### Directions for this task:
Below are the records; copy each line in which "Custom" occurs.

---------- Provided information

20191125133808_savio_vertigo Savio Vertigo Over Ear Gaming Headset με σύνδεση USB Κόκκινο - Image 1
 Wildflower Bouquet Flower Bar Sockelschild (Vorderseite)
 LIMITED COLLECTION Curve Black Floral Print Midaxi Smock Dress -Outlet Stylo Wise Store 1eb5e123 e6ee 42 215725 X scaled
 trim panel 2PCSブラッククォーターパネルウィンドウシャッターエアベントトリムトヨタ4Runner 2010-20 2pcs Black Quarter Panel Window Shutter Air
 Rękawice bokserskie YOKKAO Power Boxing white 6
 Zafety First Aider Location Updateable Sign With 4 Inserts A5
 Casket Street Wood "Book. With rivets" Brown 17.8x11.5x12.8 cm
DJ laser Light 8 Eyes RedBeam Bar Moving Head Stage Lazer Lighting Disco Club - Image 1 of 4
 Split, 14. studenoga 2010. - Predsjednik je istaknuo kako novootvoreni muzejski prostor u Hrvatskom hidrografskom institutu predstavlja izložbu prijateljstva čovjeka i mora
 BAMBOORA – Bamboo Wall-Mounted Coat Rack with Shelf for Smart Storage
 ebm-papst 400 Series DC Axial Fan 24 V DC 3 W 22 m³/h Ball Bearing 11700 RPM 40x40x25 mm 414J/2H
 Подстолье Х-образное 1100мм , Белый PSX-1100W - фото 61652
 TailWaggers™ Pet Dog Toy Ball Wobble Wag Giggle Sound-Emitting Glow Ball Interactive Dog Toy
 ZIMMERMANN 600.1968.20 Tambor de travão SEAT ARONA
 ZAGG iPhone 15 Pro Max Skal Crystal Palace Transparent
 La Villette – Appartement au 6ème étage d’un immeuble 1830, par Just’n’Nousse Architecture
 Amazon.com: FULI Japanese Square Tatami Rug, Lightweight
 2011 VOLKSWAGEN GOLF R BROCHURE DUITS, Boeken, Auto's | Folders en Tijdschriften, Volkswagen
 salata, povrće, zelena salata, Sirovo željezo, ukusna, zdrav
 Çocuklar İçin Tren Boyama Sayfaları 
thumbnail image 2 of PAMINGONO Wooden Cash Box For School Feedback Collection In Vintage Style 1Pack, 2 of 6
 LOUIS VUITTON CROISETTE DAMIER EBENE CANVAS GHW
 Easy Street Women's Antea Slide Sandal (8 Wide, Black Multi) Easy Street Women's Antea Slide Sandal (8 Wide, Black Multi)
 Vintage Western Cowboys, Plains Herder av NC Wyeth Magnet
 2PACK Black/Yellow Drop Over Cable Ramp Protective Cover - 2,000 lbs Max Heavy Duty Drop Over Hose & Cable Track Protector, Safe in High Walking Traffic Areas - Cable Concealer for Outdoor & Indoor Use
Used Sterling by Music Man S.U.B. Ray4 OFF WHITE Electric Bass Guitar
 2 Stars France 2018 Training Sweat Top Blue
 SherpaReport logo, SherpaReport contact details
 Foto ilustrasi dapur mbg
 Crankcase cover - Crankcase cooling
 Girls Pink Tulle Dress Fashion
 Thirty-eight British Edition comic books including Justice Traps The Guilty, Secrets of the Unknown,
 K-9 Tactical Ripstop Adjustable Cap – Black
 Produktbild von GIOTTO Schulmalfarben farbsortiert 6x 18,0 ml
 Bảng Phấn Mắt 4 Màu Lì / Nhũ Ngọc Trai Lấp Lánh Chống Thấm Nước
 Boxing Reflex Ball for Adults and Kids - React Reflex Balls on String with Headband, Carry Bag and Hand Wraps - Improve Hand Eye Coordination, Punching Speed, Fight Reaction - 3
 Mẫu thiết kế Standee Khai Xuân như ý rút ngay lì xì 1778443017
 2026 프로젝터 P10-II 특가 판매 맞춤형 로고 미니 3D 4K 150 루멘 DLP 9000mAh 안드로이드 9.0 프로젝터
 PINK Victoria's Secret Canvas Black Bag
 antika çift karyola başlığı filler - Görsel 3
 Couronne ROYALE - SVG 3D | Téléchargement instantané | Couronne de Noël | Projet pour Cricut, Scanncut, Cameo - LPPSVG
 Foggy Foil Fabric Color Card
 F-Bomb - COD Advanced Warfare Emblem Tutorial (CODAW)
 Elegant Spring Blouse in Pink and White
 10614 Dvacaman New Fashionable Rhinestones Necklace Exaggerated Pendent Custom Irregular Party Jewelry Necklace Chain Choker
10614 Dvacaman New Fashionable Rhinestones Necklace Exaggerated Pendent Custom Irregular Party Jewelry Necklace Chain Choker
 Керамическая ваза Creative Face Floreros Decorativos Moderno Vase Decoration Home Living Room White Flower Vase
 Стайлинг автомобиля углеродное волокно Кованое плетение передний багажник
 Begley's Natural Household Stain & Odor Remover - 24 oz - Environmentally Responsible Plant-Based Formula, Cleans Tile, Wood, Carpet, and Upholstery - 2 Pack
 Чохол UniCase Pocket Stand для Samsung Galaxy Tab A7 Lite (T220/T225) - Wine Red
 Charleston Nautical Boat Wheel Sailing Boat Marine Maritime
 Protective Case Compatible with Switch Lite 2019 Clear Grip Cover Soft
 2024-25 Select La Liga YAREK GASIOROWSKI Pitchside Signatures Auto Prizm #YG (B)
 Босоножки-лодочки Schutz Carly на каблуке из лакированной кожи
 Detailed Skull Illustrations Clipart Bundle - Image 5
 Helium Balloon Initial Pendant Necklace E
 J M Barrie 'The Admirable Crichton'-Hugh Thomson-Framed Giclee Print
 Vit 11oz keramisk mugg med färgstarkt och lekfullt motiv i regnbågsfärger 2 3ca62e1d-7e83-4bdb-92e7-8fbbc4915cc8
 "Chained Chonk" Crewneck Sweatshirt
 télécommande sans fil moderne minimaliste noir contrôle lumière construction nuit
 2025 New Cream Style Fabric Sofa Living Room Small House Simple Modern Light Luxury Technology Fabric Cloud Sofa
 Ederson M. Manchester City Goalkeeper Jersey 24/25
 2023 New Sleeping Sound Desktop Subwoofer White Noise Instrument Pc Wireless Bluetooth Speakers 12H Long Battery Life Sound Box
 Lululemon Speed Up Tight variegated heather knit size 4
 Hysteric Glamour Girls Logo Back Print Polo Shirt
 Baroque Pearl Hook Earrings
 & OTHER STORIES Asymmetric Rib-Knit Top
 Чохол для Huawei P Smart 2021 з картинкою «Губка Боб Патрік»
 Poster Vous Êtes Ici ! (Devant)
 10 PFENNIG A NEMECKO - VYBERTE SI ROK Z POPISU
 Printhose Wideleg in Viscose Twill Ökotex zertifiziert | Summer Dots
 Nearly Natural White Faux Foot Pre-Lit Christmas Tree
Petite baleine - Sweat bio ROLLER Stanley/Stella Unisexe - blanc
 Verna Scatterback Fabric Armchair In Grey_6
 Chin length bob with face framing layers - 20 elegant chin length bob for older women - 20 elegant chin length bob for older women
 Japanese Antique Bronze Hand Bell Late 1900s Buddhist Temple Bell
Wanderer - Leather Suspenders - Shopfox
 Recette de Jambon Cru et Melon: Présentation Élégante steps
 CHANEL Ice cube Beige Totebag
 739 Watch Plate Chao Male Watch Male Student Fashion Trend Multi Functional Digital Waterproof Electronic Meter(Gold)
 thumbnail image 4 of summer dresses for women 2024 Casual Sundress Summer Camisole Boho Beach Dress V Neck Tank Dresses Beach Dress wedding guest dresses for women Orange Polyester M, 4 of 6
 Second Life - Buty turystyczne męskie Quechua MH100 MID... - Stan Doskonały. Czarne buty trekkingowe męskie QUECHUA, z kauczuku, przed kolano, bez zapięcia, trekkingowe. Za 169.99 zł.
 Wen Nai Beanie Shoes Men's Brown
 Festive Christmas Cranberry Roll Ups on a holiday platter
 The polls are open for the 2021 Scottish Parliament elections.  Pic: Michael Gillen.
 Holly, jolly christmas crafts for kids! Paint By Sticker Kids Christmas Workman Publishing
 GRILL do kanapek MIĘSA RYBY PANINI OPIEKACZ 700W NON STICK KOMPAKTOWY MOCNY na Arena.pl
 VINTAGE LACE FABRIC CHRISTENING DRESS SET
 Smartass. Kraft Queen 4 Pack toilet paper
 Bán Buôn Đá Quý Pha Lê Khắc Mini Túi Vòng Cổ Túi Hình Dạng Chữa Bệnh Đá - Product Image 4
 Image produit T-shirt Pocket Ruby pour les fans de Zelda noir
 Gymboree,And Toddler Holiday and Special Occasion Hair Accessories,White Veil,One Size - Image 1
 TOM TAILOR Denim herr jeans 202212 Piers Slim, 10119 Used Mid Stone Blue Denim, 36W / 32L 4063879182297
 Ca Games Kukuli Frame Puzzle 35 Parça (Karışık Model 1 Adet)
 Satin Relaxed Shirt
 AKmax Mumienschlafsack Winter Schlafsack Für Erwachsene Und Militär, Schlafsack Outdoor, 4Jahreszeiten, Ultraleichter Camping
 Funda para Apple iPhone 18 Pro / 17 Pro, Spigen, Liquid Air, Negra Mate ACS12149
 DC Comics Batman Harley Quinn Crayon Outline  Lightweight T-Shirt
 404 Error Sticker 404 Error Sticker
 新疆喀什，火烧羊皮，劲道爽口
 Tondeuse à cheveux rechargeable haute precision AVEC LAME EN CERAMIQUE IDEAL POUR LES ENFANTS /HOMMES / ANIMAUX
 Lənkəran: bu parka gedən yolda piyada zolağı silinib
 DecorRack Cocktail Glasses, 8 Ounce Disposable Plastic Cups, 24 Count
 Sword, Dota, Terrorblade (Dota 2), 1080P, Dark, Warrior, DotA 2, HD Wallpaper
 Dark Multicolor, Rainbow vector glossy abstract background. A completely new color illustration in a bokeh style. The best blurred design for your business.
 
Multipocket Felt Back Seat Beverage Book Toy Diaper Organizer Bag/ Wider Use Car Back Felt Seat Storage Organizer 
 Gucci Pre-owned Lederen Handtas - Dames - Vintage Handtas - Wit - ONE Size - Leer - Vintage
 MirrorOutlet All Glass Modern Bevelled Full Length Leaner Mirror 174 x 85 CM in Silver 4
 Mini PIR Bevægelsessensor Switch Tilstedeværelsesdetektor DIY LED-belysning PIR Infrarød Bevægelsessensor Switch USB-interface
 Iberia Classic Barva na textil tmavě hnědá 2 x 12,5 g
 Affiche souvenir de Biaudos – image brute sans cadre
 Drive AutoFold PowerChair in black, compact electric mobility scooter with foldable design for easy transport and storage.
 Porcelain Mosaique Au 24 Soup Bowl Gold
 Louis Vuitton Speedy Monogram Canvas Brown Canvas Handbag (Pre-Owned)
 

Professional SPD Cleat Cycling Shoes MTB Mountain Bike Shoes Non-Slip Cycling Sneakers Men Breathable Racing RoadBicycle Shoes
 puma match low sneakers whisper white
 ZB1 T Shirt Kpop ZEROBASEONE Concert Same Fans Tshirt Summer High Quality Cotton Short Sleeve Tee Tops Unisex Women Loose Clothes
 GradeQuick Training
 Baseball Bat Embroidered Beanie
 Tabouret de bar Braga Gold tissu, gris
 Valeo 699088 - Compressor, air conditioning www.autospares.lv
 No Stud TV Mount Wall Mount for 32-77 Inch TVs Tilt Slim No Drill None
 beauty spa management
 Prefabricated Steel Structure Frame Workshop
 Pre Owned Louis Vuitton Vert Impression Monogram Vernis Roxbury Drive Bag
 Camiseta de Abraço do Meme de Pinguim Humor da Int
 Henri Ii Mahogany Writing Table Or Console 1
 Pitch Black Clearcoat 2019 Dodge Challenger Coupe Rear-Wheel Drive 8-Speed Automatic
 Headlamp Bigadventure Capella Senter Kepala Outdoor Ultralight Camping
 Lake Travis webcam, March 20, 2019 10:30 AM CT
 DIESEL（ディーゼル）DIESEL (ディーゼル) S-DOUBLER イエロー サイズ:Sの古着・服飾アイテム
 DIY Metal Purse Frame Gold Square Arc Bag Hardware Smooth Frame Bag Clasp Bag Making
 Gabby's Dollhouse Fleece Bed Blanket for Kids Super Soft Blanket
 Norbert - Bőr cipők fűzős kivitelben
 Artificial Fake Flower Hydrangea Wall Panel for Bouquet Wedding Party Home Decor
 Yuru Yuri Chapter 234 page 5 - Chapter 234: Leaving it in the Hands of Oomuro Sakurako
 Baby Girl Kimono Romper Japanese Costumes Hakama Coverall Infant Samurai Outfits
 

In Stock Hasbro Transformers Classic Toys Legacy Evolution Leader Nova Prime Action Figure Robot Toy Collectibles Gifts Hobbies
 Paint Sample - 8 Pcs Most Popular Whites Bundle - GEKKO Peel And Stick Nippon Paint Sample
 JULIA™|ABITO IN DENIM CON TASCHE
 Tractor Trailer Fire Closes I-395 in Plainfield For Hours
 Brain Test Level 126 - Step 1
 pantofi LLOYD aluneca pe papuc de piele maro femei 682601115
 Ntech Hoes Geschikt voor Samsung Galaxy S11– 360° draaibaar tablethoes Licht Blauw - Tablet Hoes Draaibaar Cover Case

--------------------

### Output for this exercise:
 10614 Dvacaman New Fashionable Rhinestones Necklace Exaggerated Pendent Custom Irregular Party Jewelry Necklace Chain Choker
10614 Dvacaman New Fashionable Rhinestones Necklace Exaggerated Pendent Custom Irregular Party Jewelry Necklace Chain Choker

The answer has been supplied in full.